On February 2, 2006, Hawaii Governor Linda Lingle petitioned the U.S. Supreme Court for a writ of certiorari, arguing that state citizens "simply because they pay taxes to the state", may not challenge her and other officials' use of some public money, land and privileges exclusively for one race. The petition asked the high court to resolve the "very important and fundamental state taxpayer standing questions" presented.

The plaintiffs, Earl Arakaki and 13 other Hawaii residents, saw the governor's petition as an opportunity for the Supreme Court to resolve all standing questions.
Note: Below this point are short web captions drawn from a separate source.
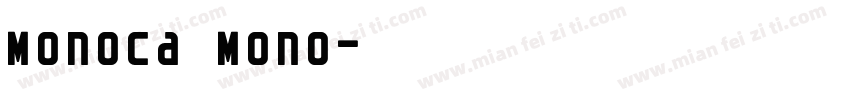 monoca mono字体转换
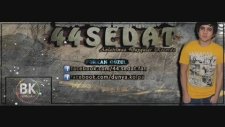 44 Sedat - Güneş Doğmasın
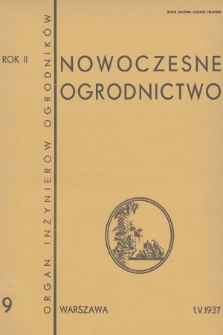 Nowoczesne Ogrodnictwo : organ inżynierów ogrodników : [dwutygodnik ilustrowany]. R.2, 1937, nr 9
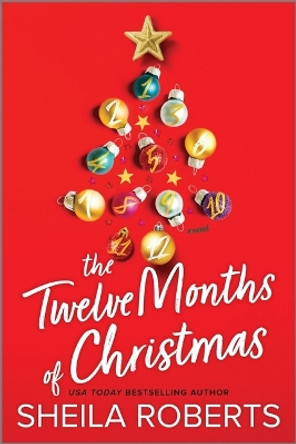 The Twelve Months of Christmas by Sheila Roberts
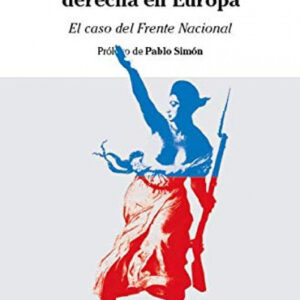 QUÉ HACER CON LA EXTREMA DERECHA EN EUROPA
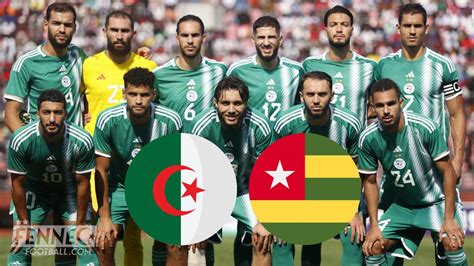 Togo vs Algérie : Les clés d'une confrontation décisive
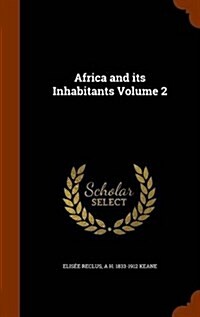 Africa and Its Inhabitants Volume 2 (Hardcover)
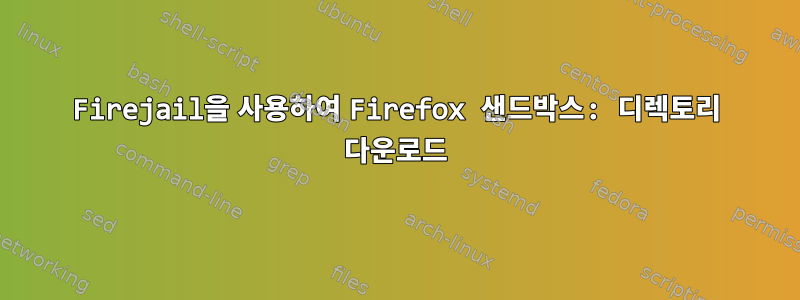 Firejail을 사용하여 Firefox 샌드박스: 디렉토리 다운로드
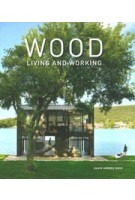 Wood: Living and Working | David Andreu Bach | 9788499369440 | LOFT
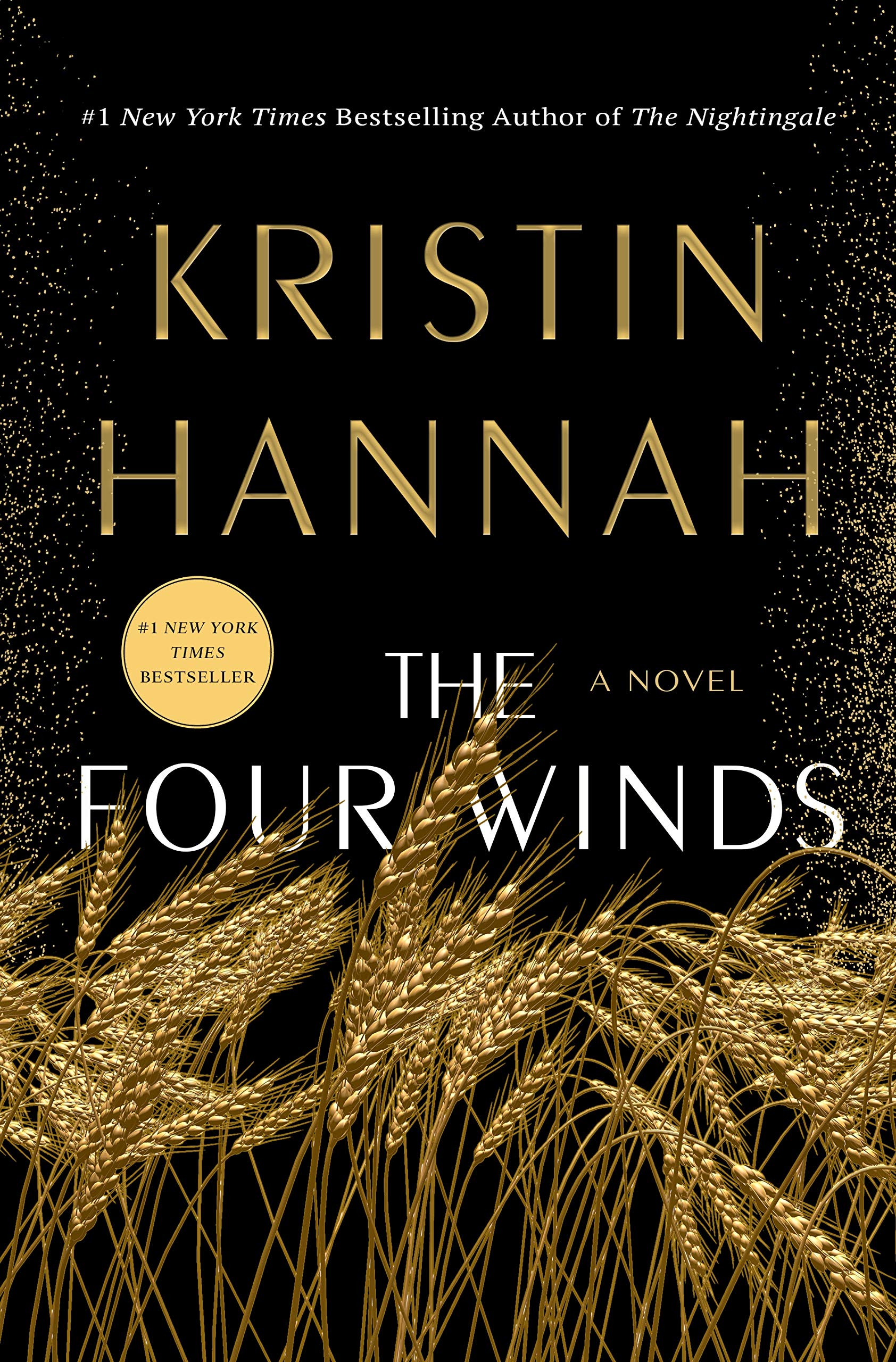 The four winds: A novel by Kristin Hannah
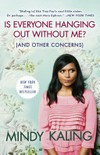 Is everyone hanging out without me? (and other concerns) / by Mindy Kaling.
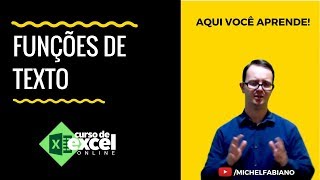 Como usar as Funções de Texto no Excel 10  Curso de Excel OnLine [upl. by Jezebel]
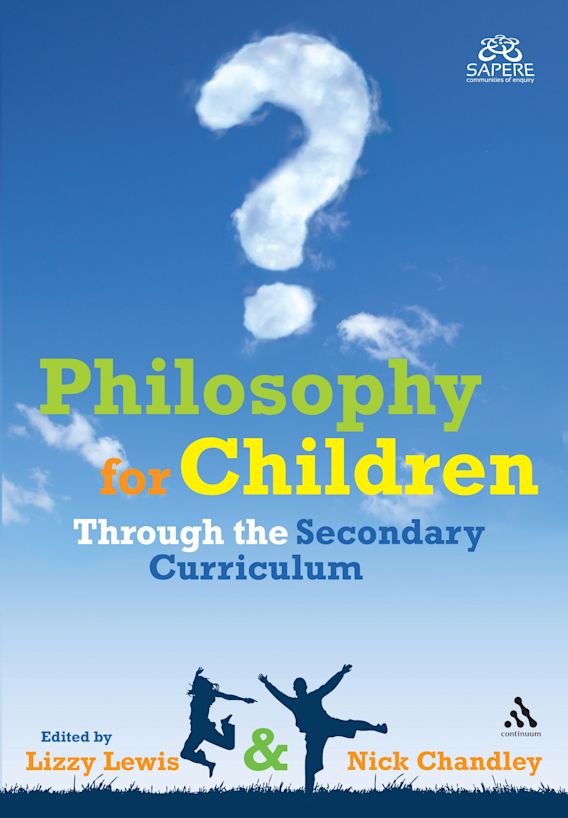 Philosophy for Children Through the Secondary Curriculum: : Lizzy Lewis ...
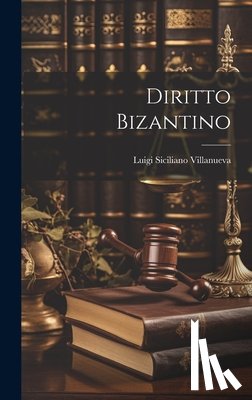 Villanueva, Luigi Siciliano - Diritto Bizantino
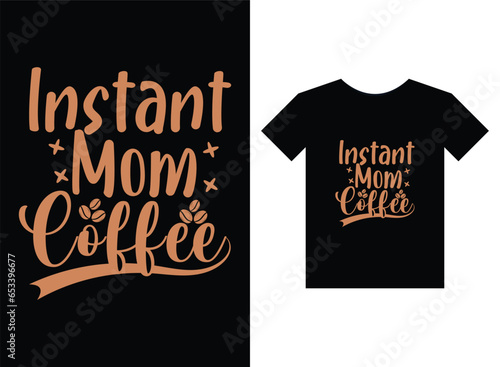 Instant mom coffee Print ready T-shirt design
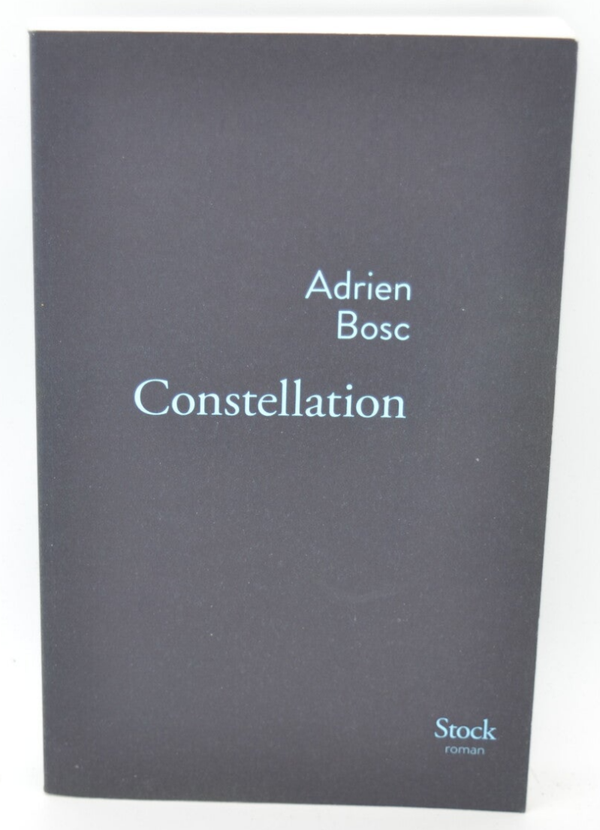 Constellation - Adrien Bosc - 2014 - livre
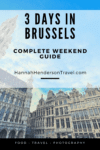 3 Days in Brussels : Complete Weekend Guide - HH Lifestyle Travel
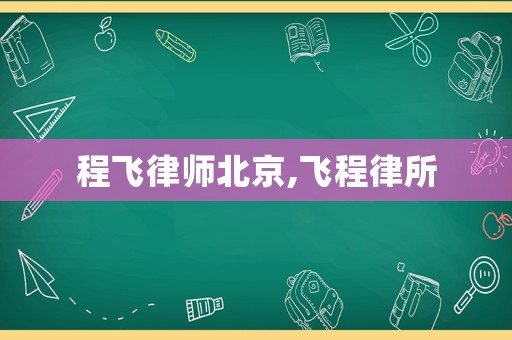 程飛律師北京,飛程律所
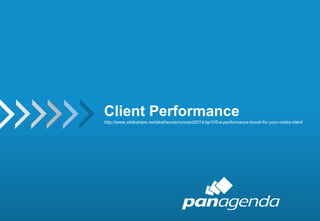 31 
Client Performance 
http://www.slideshare.net/akafrancie/connect2014-bp105-a-performance-boost-for-your-notes-client 
 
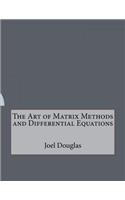 The Art of Matrix Methods and Differential Equations
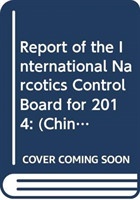Report of the International Narcotics Control Board for 2014
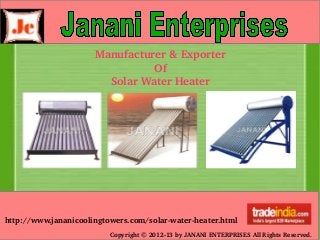 http://www.jananicoolingtowers.com/solar­water­heater.html
Copyright © 2012­13 by JANANI ENTERPRISES All Rights Reserved.
Manufacturer & Exporter
Of
Solar Water Heater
On March 3, 2006, the plaintiffs filed a Conditional Cross-Petition for a Writ of Certiorari, asking the Supreme Court, if it granted the Governor's petition, to also grant theirs, and review all the "standing" orders including those dismissing plaintiffs' "very important and fundamental" trust beneficiary standing, as well as the orders restricting their state taxpayer standing.

On March 7, 2006, the plaintiffs filed a Brief in Opposition to the governor, pointing out that they did not sue "simply because they pay taxes", but because the state does not treat all taxpayers equally. It singles out plaintiffs and other taxpayers similarly situated and denies them the benefit of the part of their taxes used exclusively for those of the favored racial ancestry.

On March 9, 2006, twenty states filed an amicus curiae brief in support of the governor's petition. They argued that "certiorari is necessary to restore certainty to the law".

On May 8, 2006, the Solicitor General filed a brief for the United States in opposition to the cross petition, arguing that the plaintiffs lacked standing to sue because the U.S. "does not require the State of Hawaii to impose taxes to support those undertakings". As to Plaintiffs' trust beneficiary claims, the Solicitor General argued that the HHCA and Admission Act "extinguished any trustee role that the United States might once have had".

The plaintiffs filed their reply brief on May 17, 2006.

==Aloha for All==

In 1999 Burgess and his wife created the Aloha for All website to spread their message that every citizen of Hawaii is entitled to the equal protection of the laws whatever his or her ancestry. In 2003, former Honolulu Advertiser publisher Thurston Twigg-Smith founded a limited liability corporation called Aloha for All.

On August 14, 2005, Honolulu Advertiser reported that Burgess was both lead attorney for Aloha for All and legal counsel for the Grassroot Institute of Hawaii, a second non-profit that had lobbied against the Akaka Bill. In response, both Burgess and Grassroot Institute of Hawaii stated that Burgess was a member but had never been legal counsel for the Grassroot Institute, and that Grassroot's role with respect to the Akaka bill had been to foster public education and discourse.